If you’ve already picked out your resolutions, or you’ve been wanting to make a change for a while, here are some science-backed, habit-based tips and tricks to help you. For the purpose of this blogpost we’ll be focusing on the practical steps you can implement to support your behaviour change, but if you would like to read more about the science of habits, please check out our longer PDF on this very topic!

Good luck!

Tip 1 - Create a stable and supportive environment

Habits are always triggered by a cue, typically in a context that is stable and consistent in our lives. The cue triggers our memory of doing the same action or routine previously, and helps to initiate it again. Much of our routine behaviour is cued by the time of day, for example making your first cup of coffee after waking up, or eating a meal at lunchtime.

A supportive environment means removing barriers and making it as easy as possible for yourself to perform the new behaviour. A classic example of this is packing your gym bag in the evening if you want to go to the gym in the morning. This removes the friction of having to decide what to wear, what work clothes you might need, and whether or not to make a pack lunch, all at 6am in the morning! In addition to this, you might place your gym bag in front of your bedroom door so that it’s one of the first things you see in the morning. This will provide a cue for you to get up and go to the gym!

Tip 2 - Leverage the context

Research shows us that one of the best times to develop a new habit, or break an old one, is during ‘life changes’. That could mean moving house, changing jobs, a new baby or any other event that disrupts the routine behaviours you currently partake in.

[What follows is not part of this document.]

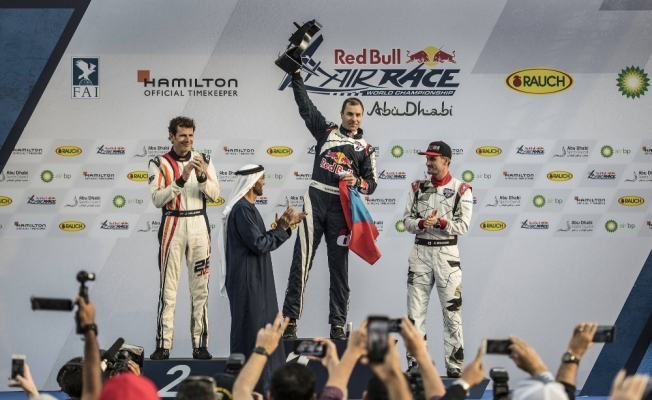 Air Race’de sezon sürpriz zaferle açıldı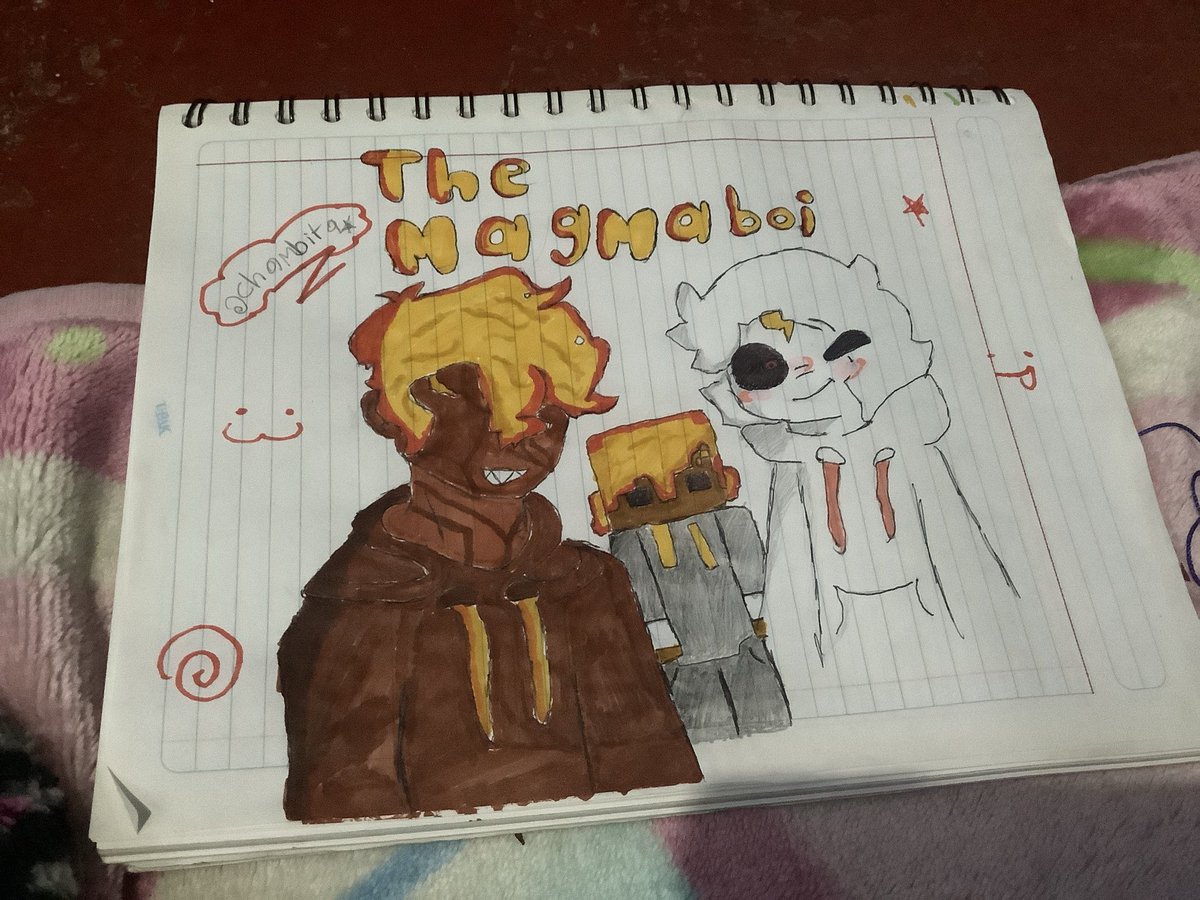 CakeCanela89's tweet photo. OTROS DIBUJOS ^^ https://t.co/qyD1vPgsOj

Annoyingly, it’s pretty impossible to manufacture a significant life change just to help you with your new year’s resolutions (although make a note of this for next time you move house!), so another way to leverage context is to piggyback your new habit onto an existing one. This works especially well when the new behaviour is compatible with the existing habit. For example, if you want to start flossing your teeth regularly, piggybacking onto your teeth brushing routine is the smartest way to establish a new routine quickly and effectively. Perhaps you want to start a stretching routine to increase flexibility? If you already regularly partake in a form of exercise, incorporating the stretching before or after your current practise is a great idea.

Tip 3 - Start small, and make a plan

You’re better off running for 10 minutes a day consistently across the year, compared to setting a huge goal or running 10km every week and never meeting your targets. Setting goals that are too huge might initially seem like a challenge, but as your motivation starts to wane they can instead feel overwhelming, unachievable, and too difficult.

If you start by building a small habit, you can then slowly build your behaviour, piggybacking as we suggested above. A great example of this might be if you want to cut back on your alcohol intake. Many people start off the year with Dry January, which is motivating for a number of reasons not least the fact that taking part in a social movement provides us with the social norms reinforcement we crave as human beings. But after January, going completely cold turkey might start to seem impossible. What about big social events like birthdays and weddings?

Make a plan. Perhaps at first you will decide not to have an alcoholic drink on Mondays. Try that for a month or two. And then when that has become routine, add another day to the mix. The trick here is to keep building slowly, try not to be in a rush to reach the end goal. In behavioural science we call this kind of goal-setting chunking, and it’s really effective!

Tip 4 - Reward yourself!

Finally, a reward for all your hard work! Research suggests that incorporating some kind of reward during a new routine or after achieving a goal can help to incentivise and motivate us. On top of this, rewards also help to reinforce our new routines, which is crucial for developing a proper habit.

To make the most of this incentivising effect, you should try to include a variety of different types of reward: tangible rewards such as rewarding yourself with a latte from a nice coffee shop when you manage to cycle to work instead of driving; or more subconscious rewards like getting more quality time with your family if you succeed in cutting down your ‘screen time’. Varying the size of the rewards also helps: small rewards can pave the way to succeeding at a larger goal which is coupled with an equivalent prize.